3. There are three measurements for your vehicles alignment to be within the manufacturer’s specifications – camber, caster and toe. Something may be out of whack with one or all of these measurements. You should have your vehicles alignment checked at least once a year and/or when you purchase new tires.
4. Tires of differing sizes, tread wear and tread patterns can affect handling. When purchasing tires be aware that there are even differences between brands.
5. Radial Tire Pull. This happens when the steel belts inside the tire are positioned off-center either due to wear or manufacturer default. The tire will naturally follow the direction of the radial cord. You can check this by rotating the tire in question to the opposite side. If your vehicle now pulls to the opposite side, this could be your problem and a new tire should correct it.
6. If the pull is constant to one side and gets worse with the application of the brakes it could be a caliper sticking, frozen or sticking piston in caliper, overfilled fluid reservoir in master cylinder, or the brakes might be misadjusted. Correct by repairing brakes as required.
7. Binding in the ball joints, steering gear or linkage.

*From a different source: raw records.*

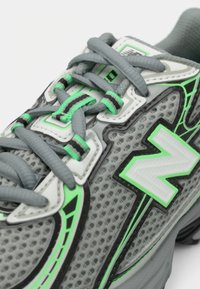 Pelēka sporta apava ar tīkla augšdaļu, kurā ir zaļas akcenti, teksturētas auklas un balts logotips. Dizainu izceļ melni elementi.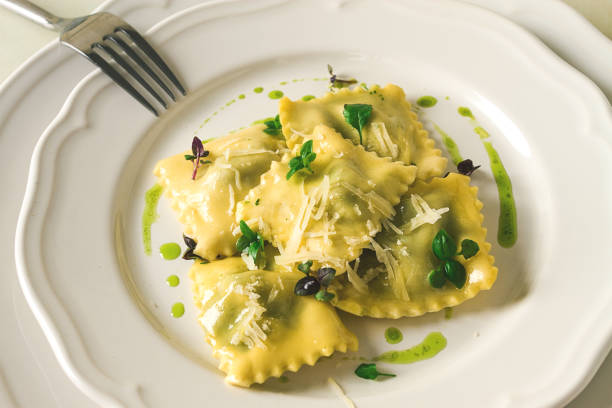 istock Ravioli with spinach and cheese, green sauce, on a light background, selective focus, no people, 1394751589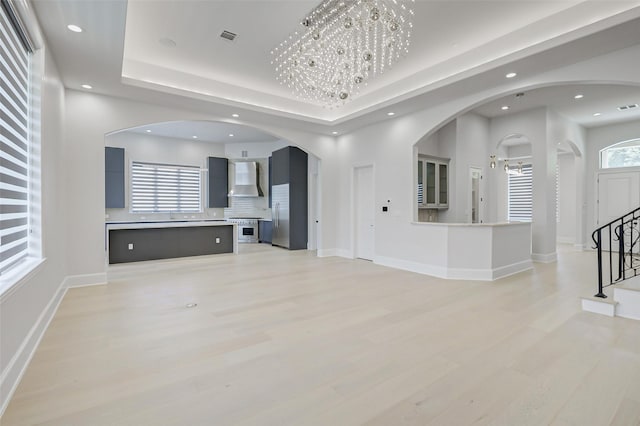 2822 Westgrove Ln, Houston, TX 77027 - unfurnished living room with light wood-style flooring, arched walkways, recessed lighting, a chandelier, and a tray ceiling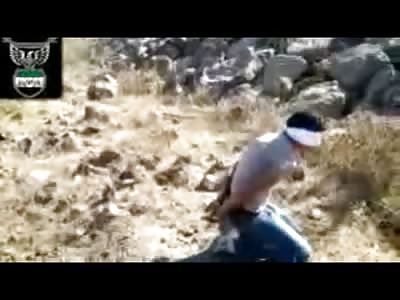 AK47 Execution of Cowering Blindfolded man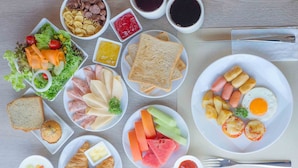 Een tafel met diverse ontbijtartikelen, zoals brood, eieren, ham en groenten.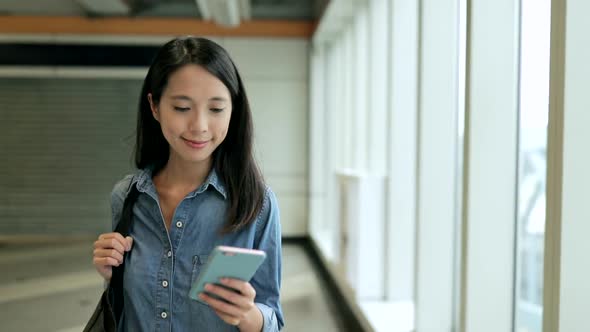 Woman Using Mobile Phone and Walking in Station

8. Steering wheel is off center due to steering linkage not centered, or the steering arm or linkage could be bent
9. Loose or worn steering components such as tie rod ends, bushings, idler arms
10. The vehicle pulls or veers during acceleration which is known as torque steer and is common in front-wheel drive cars with unequal length driveshafts. Torque steer unfortunately cannot be eliminated but certain conditions can make it worse such as loose or worn control arm bushings, tie rod ends, engine/transaxle mounts.